Yes, nobody is entitled to be able to walk to school. But, that doesn’t mean we shouldn’t consider what’s good for the entire system and evaluate whether some option school sites would be more efficient/cost effective to become a neighborhood school just because we are scared of change. That and we should hold people accountable for saying they “walk”. Take away their buses and see if they still want to be zoned at that particular school.
We should also think about long term planning for the county in these discussions. The county pushes a car free diet and actively reduces parking, but then the school board makes all the walkable schools in that area full option. That makes no sense. The county clusters all of the affordable housing in one part of the county, and then the school board bemoans that they can’t create diverse schools. Again no sense.

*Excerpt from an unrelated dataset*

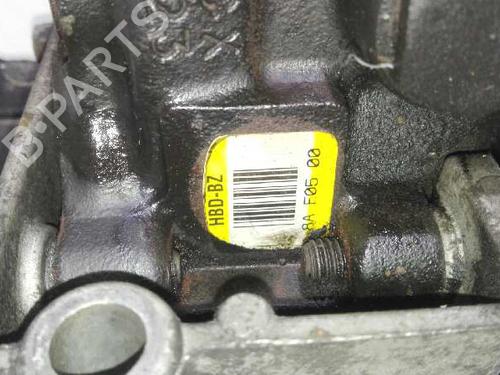 Steering pump FORD ESCORT V (AAL, ABL) 1.8 D | BP20778947M99 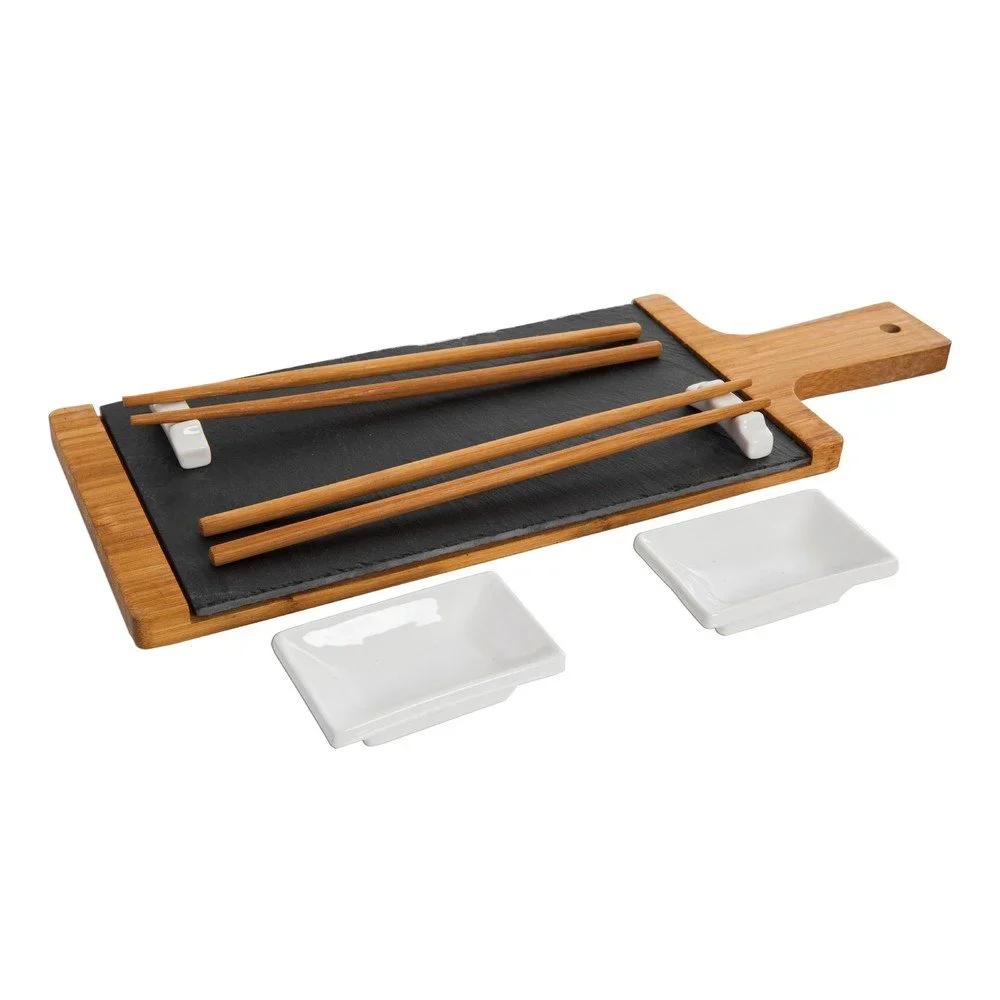 10dílná set na sushi Bambum Seshu v:1306540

That's because there are two competing "logics" and priorities: you want choice schools to be accessible by the whole County - so you need to locate them more centrally. That happens to also be where the most efficient public transit is. Unless you can build a slew of schools along that highly-populated, transit-heavy corridor, you can't offer enough option and neighborhood schools in those areas.

I’m not sure I follow your logic. Most of the countys choice schools aren’t centrally located. Campbell, Claremont, and Montessori aren’t centrally located. Only key and Ats are remotely near the metro/public transit. Why is it that accessibility isn’t an issue for Campbell or Montessori? I agree that for immersion at least, making it convenient to native Spanish speakers is necessary, but I’m not sure if putting it on the metro line is the way to do that.
There are only two areas where the county has actively reduced parking— along the orange line up to ballston, and along rt 1. I think that for those two regions, proximity and walkability should be prioritized because those are the only areas in the county that have been designated “car free”.
Anonymous
Anonymous wrote:
Anonymous wrote:
Anonymous wrote:
Anonymous wrote:
Anonymous wrote:Yes. I agree. Either you can bear the inconvenience of an long drive to school events or to extended day as the price you play for the choice program that you value, or you can put your kid in his or her neighborhood school. You are not entitled to have a countywide choice program located near your home. Get over yourself.


Just like nobody is entitled to have a neighborhood school near their home. Don't people understand that there are always going to be students who need to take a bus or drive - with the rare near-exception of Randolph? Doesn't anyone get that everyone can't have the school of their choice within walking distance? That it's not possible to have all the option schools in the backyards of everyone attending and that kids are going to need to take a car or bus to a neighborhood school?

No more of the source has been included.